2. Cu-zeolite binds iodine as a result of ceramization of zeolite-iodine mixtures under hydrothermal conditions. The leach rate reaches its maximum for the first eight days for all the samples. For this period, 4% of iodine of the sample passes to the leaching solution; after that the leach rate averages 0.93 g/m^2×day, and the concentrations of leached iodine, silica, and copper are 1-2, 0.1, and >0.1%, respectively. After 36 days the average leach rate for SiO₂ is 0.04 g/m^2×day, and for copper - 0.06 g/m^2×day.

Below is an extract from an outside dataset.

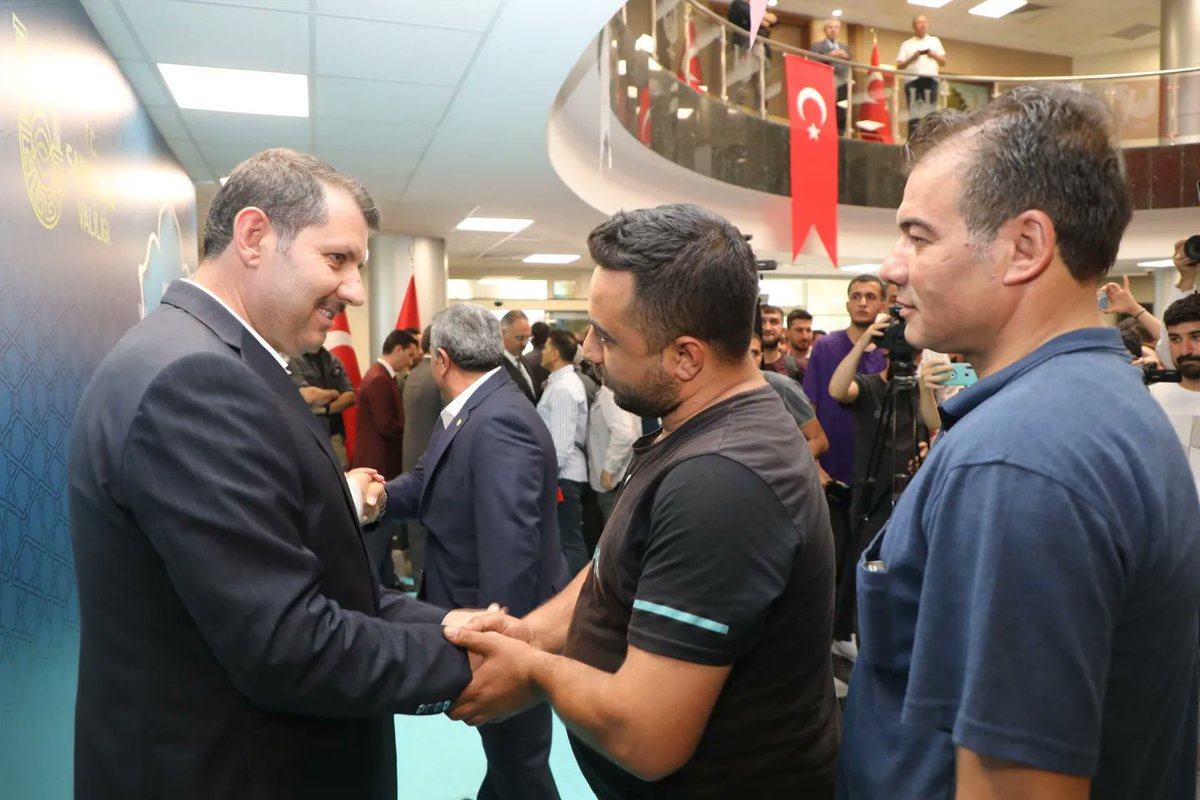 sanliurfaOSB's tweet photo. Valimiz @valisalihayhan'ın ev sahipliğinde gerçekleşen bayramlaşmaya; Yön. Krl. Üyelerimiz, OSB Müdürümüz @Os_Oktay, Karacadağ Kalkınma Ajansı Gnl. Skr Yunus Çolak ve sanayicilerimiz katılım sağlayarak il protokolü ve vatandaşlarla bayramlaştılar
@sanliurfatso @Muhiyettinkele2 https://t.co/TuICm4TO5T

3. Iodine is well bound by Cu-zeolite, providing the copper of the zeolite was preliminarily reduced by ceramization in gasostat. The ceramics density is close to that of the hydrothermal samples, however, the porosity is very high. Nevertheless, the average iodine leach rate decreases to 0.7 by the 22^nd day (lgV = -0.17) g/m^2×day. Unreduced zeolite shows similar value for iodine, but higher values for silica and copper (0.13 and 1.3 respectively). Ceramization of granulated zeolite evidently yields very porous samples. They readily disintegrate and lose their main components, such as copper, which binds iodine. Thus, the iodine leach rate did not decrease, as was expected from high values of the I/Cu ratio.

Leaching experiments with iodine-bearing ceramics, based on Cu-zeolite, showed their high stability. After 36 days the average iodine leach rate was 0.9 g/m²× day, which is 4-5 times lower than the rate of iodine leaching from sodalite (Shidlovsky et al.) [1] and comparable with leach rates of alkaline and alkali-earth elements from borosilicate glasses [2].

Thus, there are several benefits of such a method of iodine immobilization. The material obtained is rather stable and provides low-volume matrix capable of absorbing radioactive iodine directly from the gaseous jets produced by nuclear plants. The marked tendency of decrease of leach rate (by a factor of 20-50 for 36 days) and leaching percentage (by a factor of 4-5 for a week) suggests that the percentage of iodine leaching from these samples will not subsequently exceed 0.5 and become negligible in long-term storage.

1. A method for binding radioactive iodine. USA Patent no. 4229317, in Inventions in the USSR and Abroad, 1981, Issue 3, no. 6, p. 23.
2. Strachan D.M. Results from long-term use of the MCC-1 Static Leach Test Method, Nucl. Chem. Waste Manage, 1983, vol. 4, p.177.